Stepwise Regression with statsmodels

    * Forward Selection: Starts with no features and adds them one at a time based on a criterion (e.g., p-value).
    * Backward Elimination: Starts with all features and removes them one at a time based on a criterion.

Detailed Steps

    1. Prepare the Data: Load or generate your dataset.
    2. Define the Forward Selection Function: Implement the logic to add features.
    3. Define the Backward Elimination Function: Implement the logic to remove features.
    4. Evaluate the Results: Check the final model summary.

In [1]:
# Step 1: Prepare the Data
import pandas as pd
import numpy as np
from sklearn.datasets import make_regression
from statsmodels.api import OLS, add_constant
from sklearn.model_selection import train_test_split

# Generate synthetic data
X, y = make_regression(n_samples=100, n_features=10, noise=0.1, random_state=42)
feature_names = [f'feature_{i}' for i in range(X.shape[1])]
df = pd.DataFrame(X, columns=feature_names)
df['target'] = y

# Split the data into training and testing sets
X_train, X_test, y_train, y_test = train_test_split(df.drop('target', axis=1), df['target'], test_size=0.2, random_state=42)


In [5]:
# Step 2: Define Forward Selection
# Start with no features.
# Iteratively add features based on the lowest p-value.

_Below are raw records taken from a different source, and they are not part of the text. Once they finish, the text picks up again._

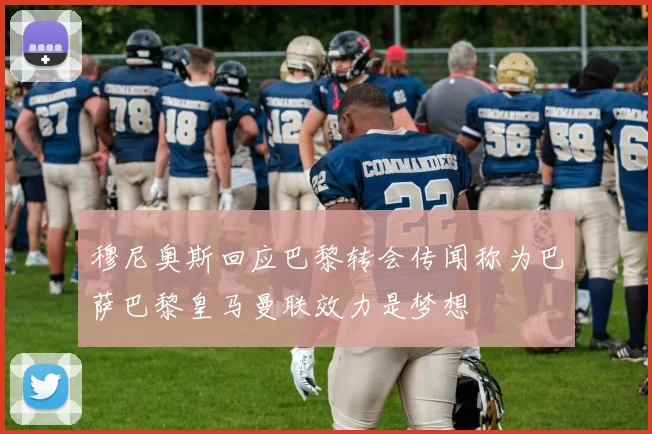 穆尼奥斯回应巴黎转会传闻称为巴萨巴黎皇马曼联效力是梦想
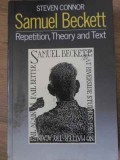 SAMUEL BECKETT REPETITION, THEORY AND TEXT-STEVEN CONNOR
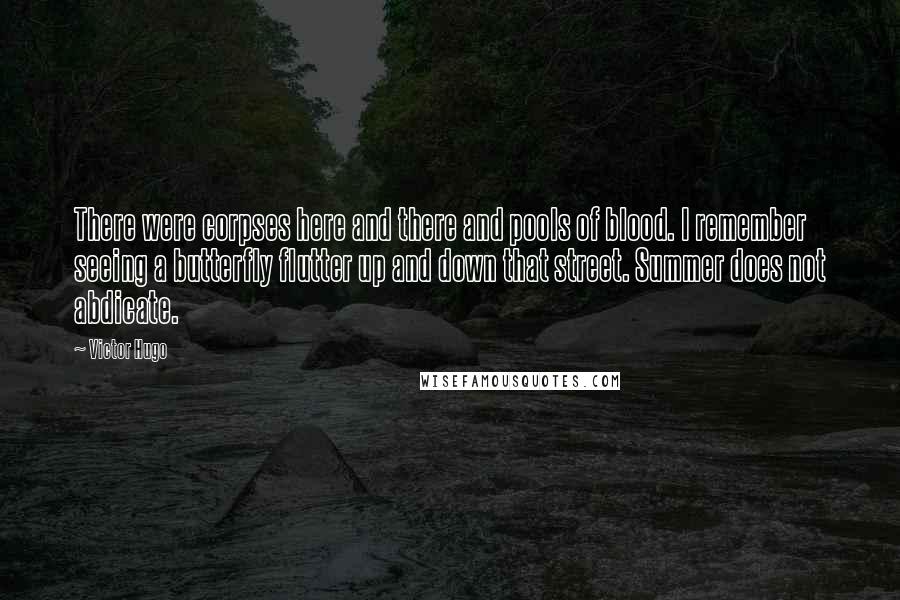 Victor Hugo Quotes: There were corpses here and there and pools of blood. I remember seeing a butterfly flutter up and down that street. Summer does not abdicate.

def forward_selection(X, y, threshold_in=0.05):
    initial_features = []
    best_features = []

    while True:
        remaining_features = set(X.columns) - set(initial_features)
        best_pvalue = float('inf')
        best_feature = None

        for feature in remaining_features:
            model = OLS(y, add_constant(X[initial_features + [feature]])).fit()
            pvalue = model.pvalues[feature]

            if pvalue < best_pvalue:
                best_pvalue = pvalue
                best_feature = feature

        if best_pvalue < threshold_in:
            initial_features.append(best_feature)
            best_features.append(best_feature)
        else:
            break

    return best_features


In [6]:
# Step 3: Define Backward Elimination
# Start with all features.
# Remove the feature with the highest p-value if it exceeds the threshold.
def backward_elimination(X, y, threshold_out=0.05):
    features = list(X.columns)

    while True:
        model = OLS(y, add_constant(X[features])).fit()
        pvalues = model.pvalues[1:]  # Ignore constant

        worst_pvalue = pvalues.max()
        if worst_pvalue > threshold_out:
            worst_feature = pvalues.idxmax()
            features.remove(worst_feature)
        else:
            break

    return features


In [7]:
# Step 4: Execute and Evaluate
# Forward Selection
selected_features_forward = forward_selection(X_train, y_train)
print("Selected features after forward selection:", selected_features_forward)

# Backward Elimination
selected_features_backward = backward_elimination(X_train, y_train)
print("Selected features after backward elimination:", selected_features_backward)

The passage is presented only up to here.